With the startup url set, i inspect the page and she loads a POST in javascript for pagination the results, and this POST is the navigations pages for Scrapy.
The POST url "https://efile.fara.gov/pls/apex/wwv_flow.show" navigates on all data pages avaible.
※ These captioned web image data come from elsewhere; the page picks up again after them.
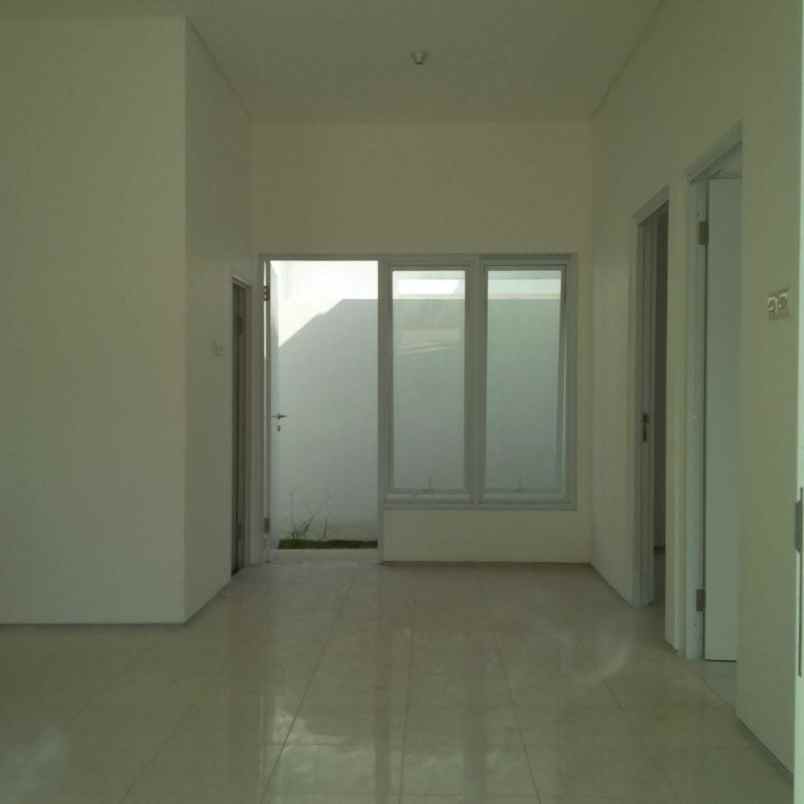 dijual rumah swp residence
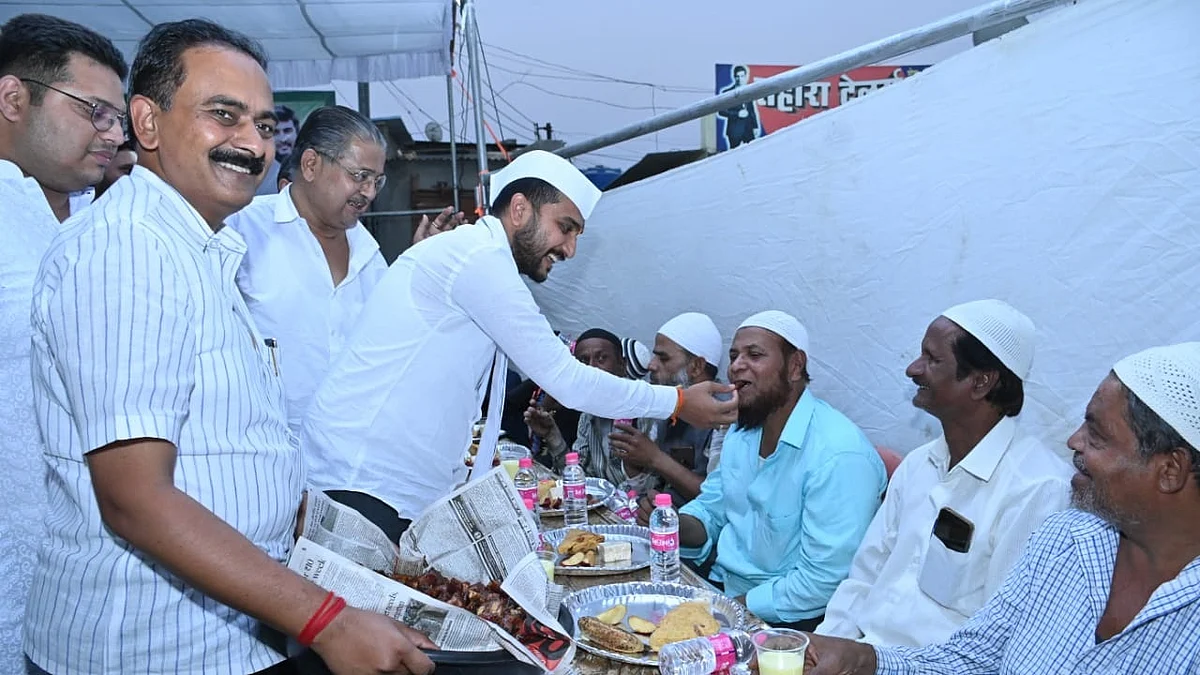 माजीमंत्री शंकरराव कोल्हे यांच्याकडुन
भाईचाराची शिकवण - विवेक कोल्हे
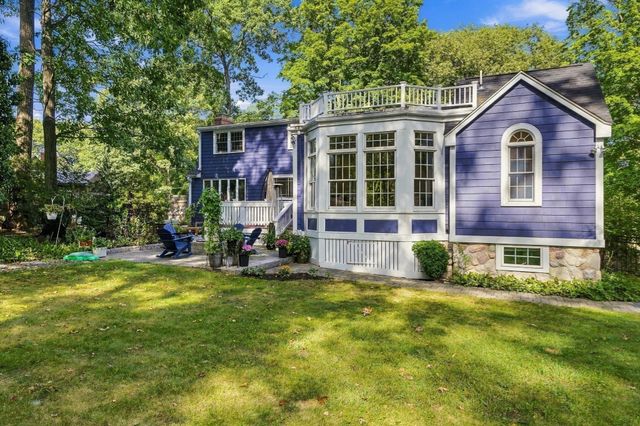 15 Alden Circle, Reading, MA 01867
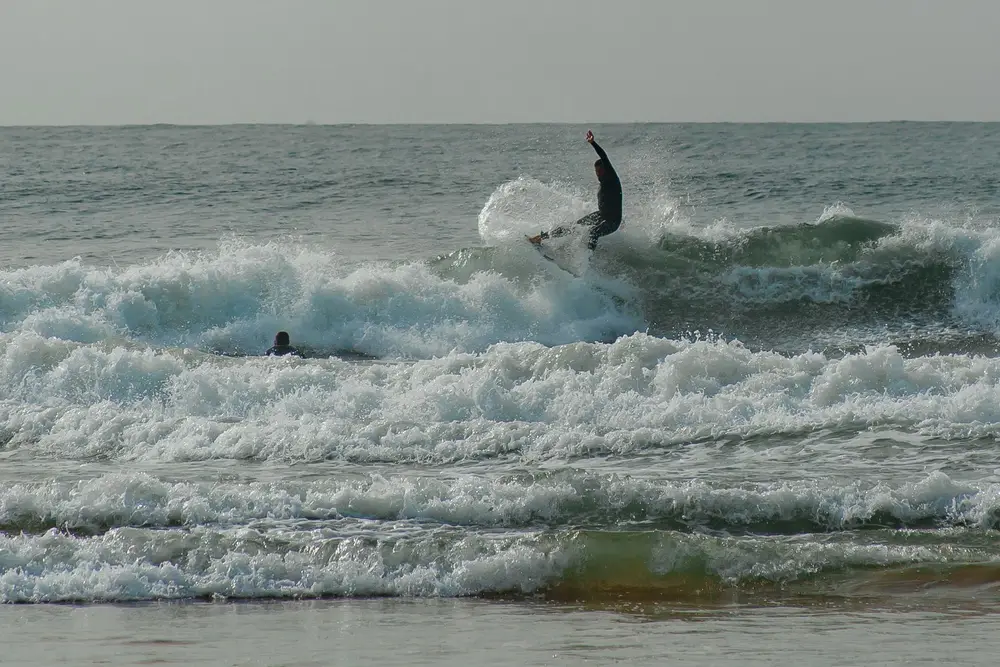 Médina Surfing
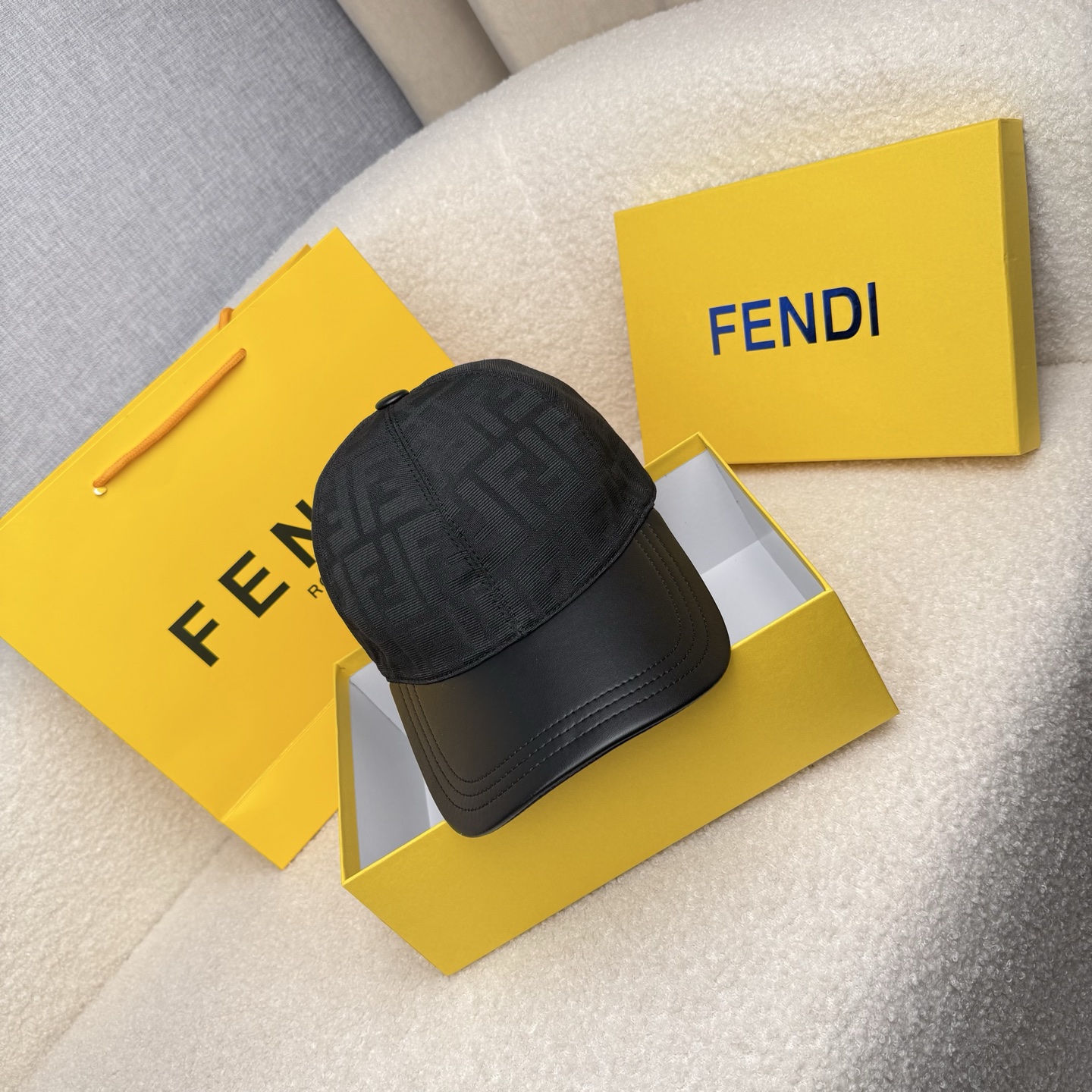 🌹。F家。【超A品质-配透明防尘袋】最新款！时尚潮流，高端做工！每一个帽子都是用心之作！牛津材质！头层牛皮！非一般的品质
The item has the structure:
{ 'address': '150 Broomielaw 5 Atlantic Quay', 'country_name': 'UNITED KINGDOM', 'date': '05/01/2012', 'exhibit_url': 'http://www.fara.gov/docs/6334-Exhibit-AB-20160106-1.pdf', 'foreign_principal': 'Scottish Development International', 'registration': 'Development Counsellors International', 'registration_date': '03/12/1993', 'registration_number': '4777', 'state': '', 'url': 'https://efile.fara.gov/pls/apex/f?p=171:200:6624565563159::NO:RP,200:P200_REG_NUMBER,P200_DOC_TYPE,P200_COUNTRY:4777,Exhibit%20AB,UNITED%20KINGDOM' }
First, clone the project:
git clone git@github.com:guilhermetavares/myscrapy.git
Install the requirements, on enviroment with Python >= 3.4.3
:
pip install requirements.txt
To run the tests, cd /faragov/faragov/
:
python3 tests.py
The response, running with coverage:
Name Stmts Miss Branch BrPart Cover --------------------------------------------------------------- faragov/__init__.py 0 0 0 0 100% faragov/middlewares.py 18 18 4 0 0% faragov/settings.py 4 4 0 0 0% faragov/spiders/__init__.py 0 0 0 0 100% faragov/spiders/fara.py 100 0 46 1 99% faragov/tests.py 63 0 6 1 99% --------------------------------------------------------------- TOTAL 185 22 56 2 88%
For running the spider
:
scrapy crawl fara -o faragov.json